### Items from a dataset
%%

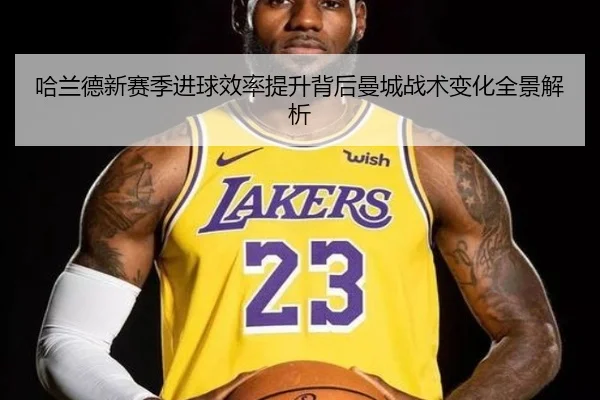 哈兰德新赛季进球效率提升背后曼城战术变化全景解析
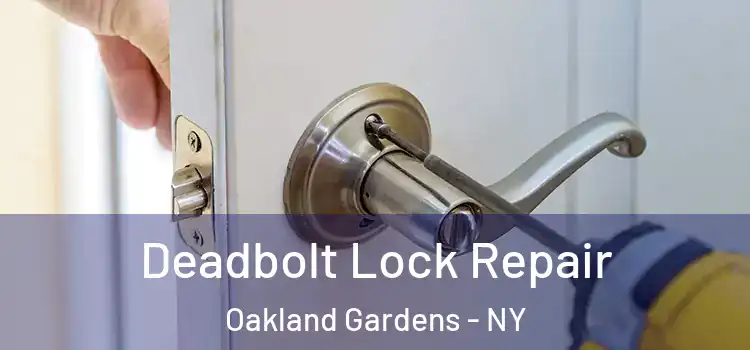 Deadbolt Lock Repair Oakland Gardens - NY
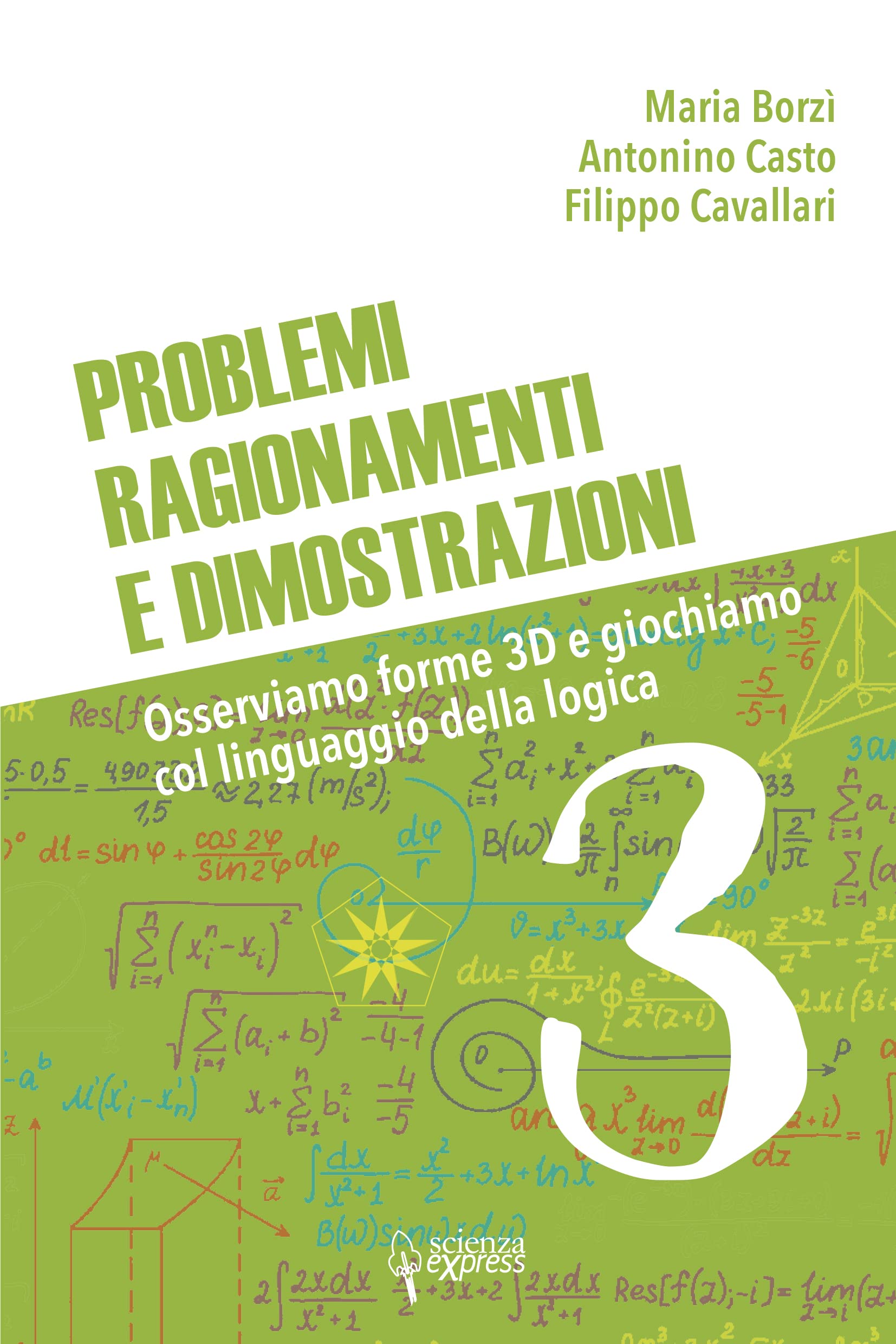 Problemi, Ragionamenti E Dimostrazioni. Osserviamo Forme 3D E Giochiamo Col Linguaggio Della Logica (Vol. 3) - 4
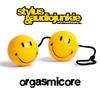 Orgasmicore (Original Mix) - Stylus&AudioJunkie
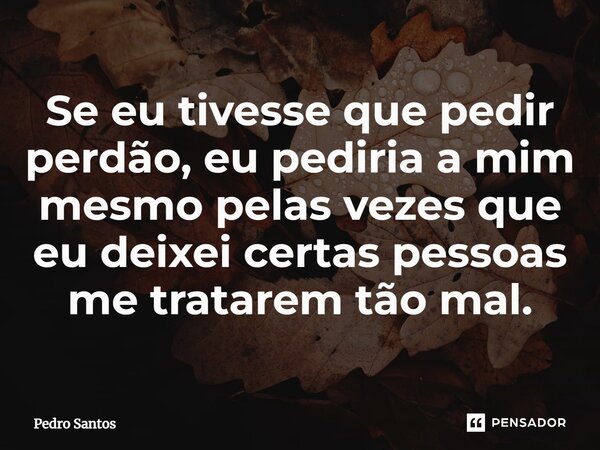 ⁠Se eu tivesse que pedir perdão, eu pediria a mim mesmo pelas vezes que eu deixei certas pessoas me tratarem tão mal.... Frase de Pedro Santos.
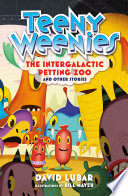 Teeny Weenies: The Intergalactic Petting Zoo and Other Stories cover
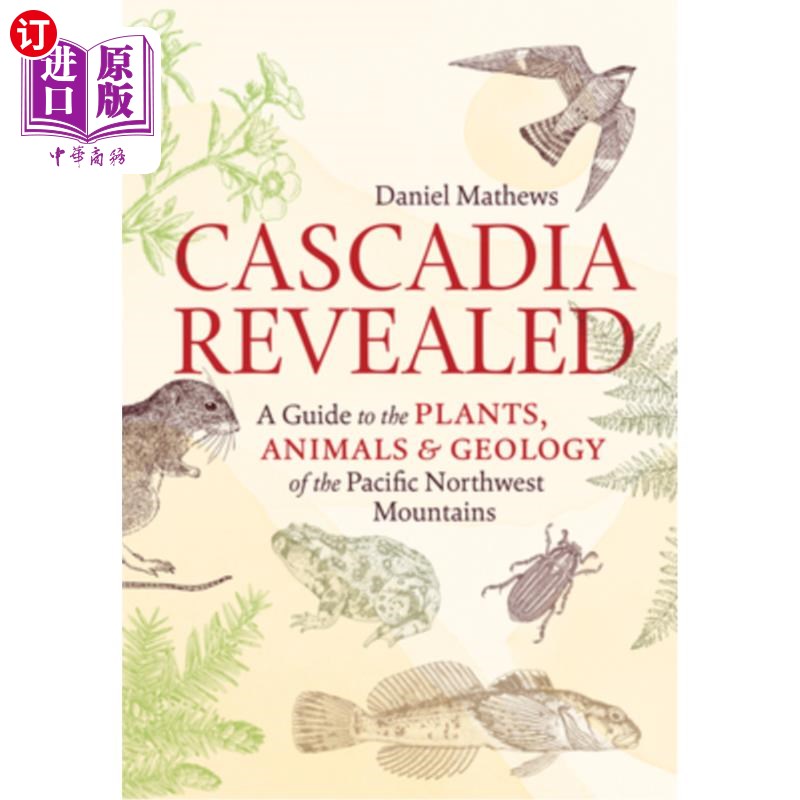 海外直订Cascadia Revealed: A Guide to the Plants, Animals, and Geology of the Pacific No 《揭示卡斯卡迪亚:太平洋西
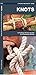 Knots: A Folding Pocket Guide to Purposeful Knots (Pocket Tutor Series)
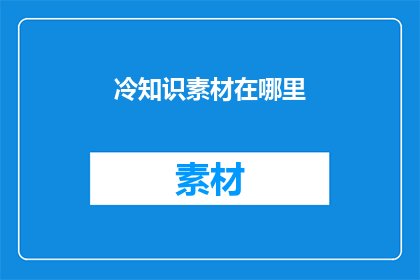 冷知识素材在哪里(在哪里可以发现那些令人惊讶的冷知识素材？)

%%

### WORK INSTRUCTION
Make an exact copy of the records above. Keep out every picture.

### TASK ANSWER
 哈兰德新赛季进球效率提升背后曼城战术变化全景解析
 Deadbolt Lock Repair Oakland Gardens - NY
 Problemi, Ragionamenti E Dimostrazioni. Osserviamo Forme 3D E Giochiamo Col Linguaggio Della Logica (Vol. 3) - 4
 Orgasmicore (Original Mix) - Stylus&AudioJunkie
 ⁠Se eu tivesse que pedir perdão, eu pediria a mim mesmo pelas vezes que eu deixei certas pessoas me tratarem tão mal.... Frase de Pedro Santos.
 Teeny Weenies: The Intergalactic Petting Zoo and Other Stories cover
 海外直订Cascadia Revealed: A Guide to the Plants, Animals, and Geology of the Pacific No 《揭示卡斯卡迪亚:太平洋西
 Knots: A Folding Pocket Guide to Purposeful Knots (Pocket Tutor Series)
 冷知识素材在哪里(在哪里可以发现那些令人惊讶的冷知识素材？)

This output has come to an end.